In my previous post I’ve gotten some great help how regarding best practices to download my google photos to migrate to eOS. Unfortunately I was not able to follow the eOS guide since migrate has been disabled for now in eOS.

Thanx to the brilliant reply I now have 500gb of photo’s / videos from mt google drive stored on my server.

The next step is, what are best practices to now upload these photos to murena cloud? The guide does explain integration with nextcloud, syncthing and eDrive. These guide however discus how to sync the data when you already are using these services.

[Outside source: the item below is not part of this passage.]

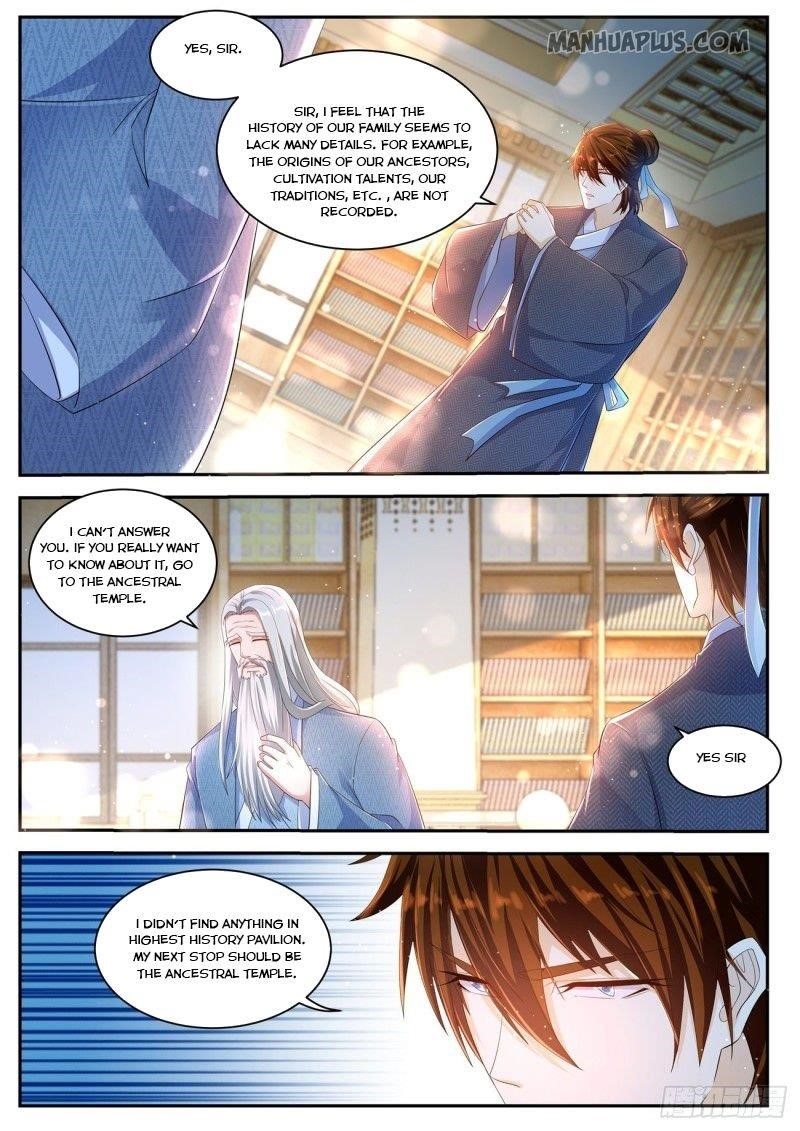 Rebirth Of The Urban Immortal Cultivator — Chapter 427 — page 4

I am using none of them.

The reason I’m being so precise with this is because I’m a little bit cautious because my photos are very precious and I don’t want to lose any photos. Also there are discussions that there was a server problem with murena cloud which caused a lot of problems with synchronization. This makes me want to be extra cautions.

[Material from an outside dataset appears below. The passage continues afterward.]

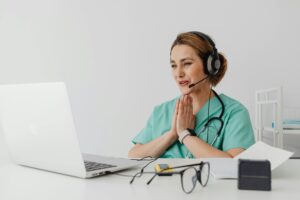 telehealth platform for doctors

What I’m thinking of doing now is just mounting murena drive in my fedora finder as a network drive and pasting my photos folder in the photos folder. This should start the upload process and also take care of any sudden disconnection problems since i’m not uploading using the website.

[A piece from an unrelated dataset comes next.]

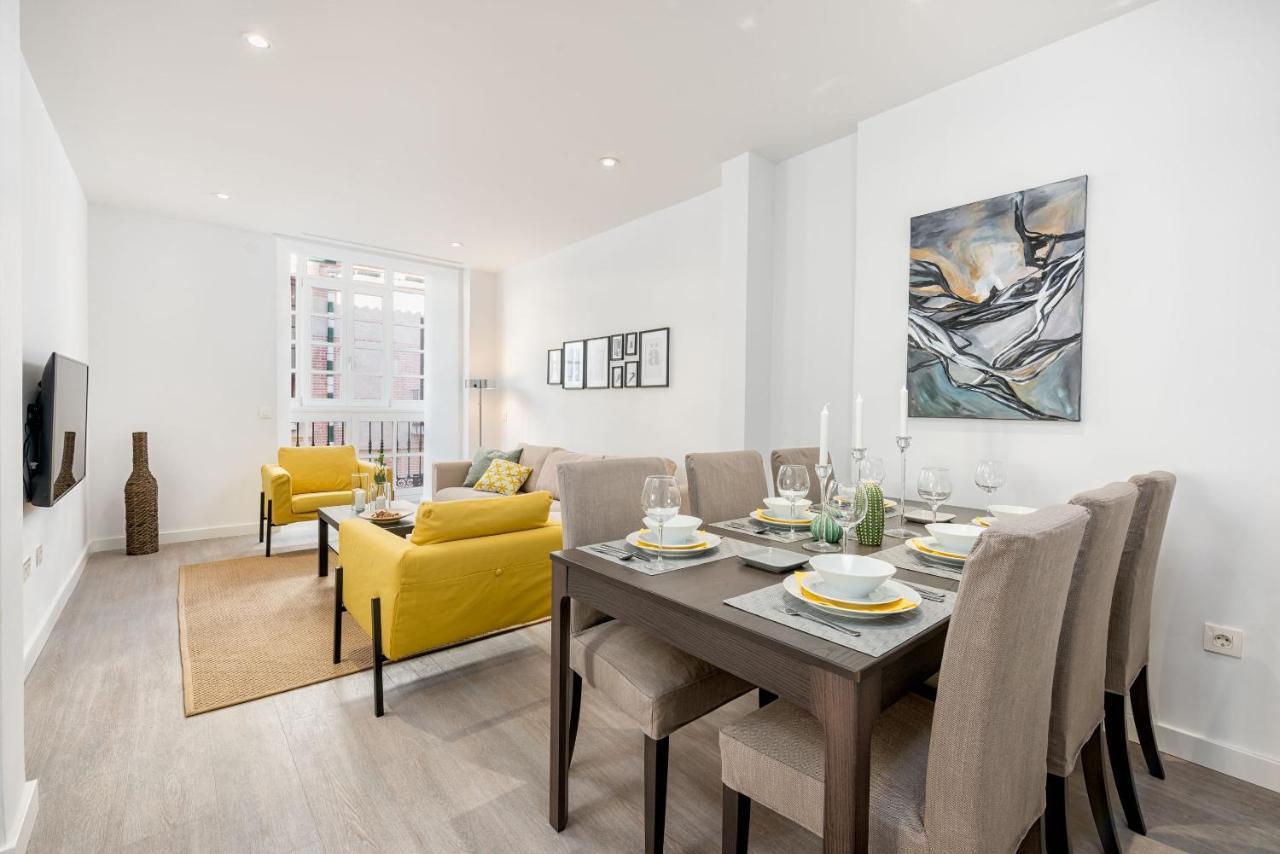 Solaga - Suites Merced Málaga Exteriör bild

Are my assumptions correct that this is the best way to upload 500gb of google drive photos ?

If not please correct me.

Thank you in advance.

Kind regards

Regain your privacy! Adopt /e/OS the deGoogled mobile OS and online servicesphone

if you have a good connection that will probably work in nautilus. I think I’m looking at 2 gvfs webdav mounts? I’m mostly sure you will funnel the transfer through your node instead of the direct route. But it doesn’t have to matter.

rclone can do webdav and has a sync subcommand, that’s what I’d use for large webdav transfers that could need a retry and “sync” assurance - as you can do this server to server there’s no indirection - but you’d need to be able to ssh into that machine.

rclone details

Issue an app-password for the client. By the time you went through the “rclone config” wizard it will look like:

[mur]
type = webdav
url = https://murena.io/remote.php/webdav/
vendor = nextcloud
user = me@murena.io # (or @e.email)
pass = asdf-asdf-longhash
# this is not the plaintext password, but a hash created via
# echo -n "app-password" | rclone obscure -

example

rclone sync Documents/ mur:Documents/

as for where to sink 0.5T into, I’d choose a vendor with high availability

Thank you I will have a look at rclone!

This seem to be WebDAV mounts yes. At least, that’s what’s written in the address.

Hi tcecyk!

Thank you for your suggestion to use rclone! I will have a look and see if i can get it to work.

I do have one question, you are suggesting to use a vendor with high availability. are you peraps suggesting that murena is not that ? I know that there have been some outages in murena as the are openly stating. So i will definitley keep a backup myself. but murena should be up to this task i think ?

if you do not have much lag in syncing automatically from any vendor to secondary backup, availability doesn’t have to be a top concern. Most users do not have a second leg to stand on - and life tends to get in the way of even the best hobby admins

good point! thank you

sorry, updated the rclone config snippet - it lacked the domain in the user (some nextcloud instances require it) and how the hash is made from the app-password - the “rclone config” dialog takes care of that, only matters if it’s directly placed in ~/.config/rclone/rclone.conf - the config as described works for me with murenas Nextcloud

thank you for your reply!

this got it working from my laptop!

I’m currently also debating if i should buy a qnap tray and get some wd red pro or ironwolf in a raid5 setup to sync murena back to my server. But thats a costly thing to do. The murena data problem of last year did make me realize that it’s important to do this in one way or another, thank you for bringing that up.

I’ll say it bluntly, murena has not been very open about, why they never tested backup and restore processes or why they did not have any in place.

If you think about a home server, look into TrueNAS and ZFS.
ZFS it’s a COW system with build in Checksumming and snapshots, developed to provided bullet proof longterm storage.
I can promot a 6TB snapshot backup as restore in ~60 seconds and as per design snapshots are always consistent.
Well worth to dive into, I you, like me cherish you images!